Task inputs →
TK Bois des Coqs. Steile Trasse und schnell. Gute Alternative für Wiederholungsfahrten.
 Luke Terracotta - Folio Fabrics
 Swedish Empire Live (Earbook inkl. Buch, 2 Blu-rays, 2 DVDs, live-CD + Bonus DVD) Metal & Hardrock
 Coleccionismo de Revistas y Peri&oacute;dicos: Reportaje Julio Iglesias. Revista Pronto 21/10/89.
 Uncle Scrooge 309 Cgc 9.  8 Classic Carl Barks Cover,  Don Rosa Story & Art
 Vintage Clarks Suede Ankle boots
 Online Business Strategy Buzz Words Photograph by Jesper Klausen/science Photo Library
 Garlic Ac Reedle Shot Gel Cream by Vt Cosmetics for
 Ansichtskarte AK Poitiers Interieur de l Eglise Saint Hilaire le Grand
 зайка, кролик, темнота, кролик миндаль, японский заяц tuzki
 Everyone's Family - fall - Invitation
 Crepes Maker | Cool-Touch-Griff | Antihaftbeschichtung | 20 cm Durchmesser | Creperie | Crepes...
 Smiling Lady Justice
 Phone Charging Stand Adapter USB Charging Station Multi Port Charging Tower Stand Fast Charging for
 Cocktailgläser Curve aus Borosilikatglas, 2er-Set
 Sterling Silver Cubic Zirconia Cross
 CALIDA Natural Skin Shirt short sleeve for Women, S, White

Task to complete → Once the line with "Uncle Scrooge 309" is found in the records above, print exactly that line and every line after it through the line with "Everyone's Family - fall - Invitation".

Exercise output →
 Uncle Scrooge 309 Cgc 9.  8 Classic Carl Barks Cover,  Don Rosa Story & Art
 Vintage Clarks Suede Ankle boots
 Online Business Strategy Buzz Words Photograph by Jesper Klausen/science Photo Library
 Garlic Ac Reedle Shot Gel Cream by Vt Cosmetics for
 Ansichtskarte AK Poitiers Interieur de l Eglise Saint Hilaire le Grand
 зайка, кролик, темнота, кролик миндаль, японский заяц tuzki
 Everyone's Family - fall - Invitation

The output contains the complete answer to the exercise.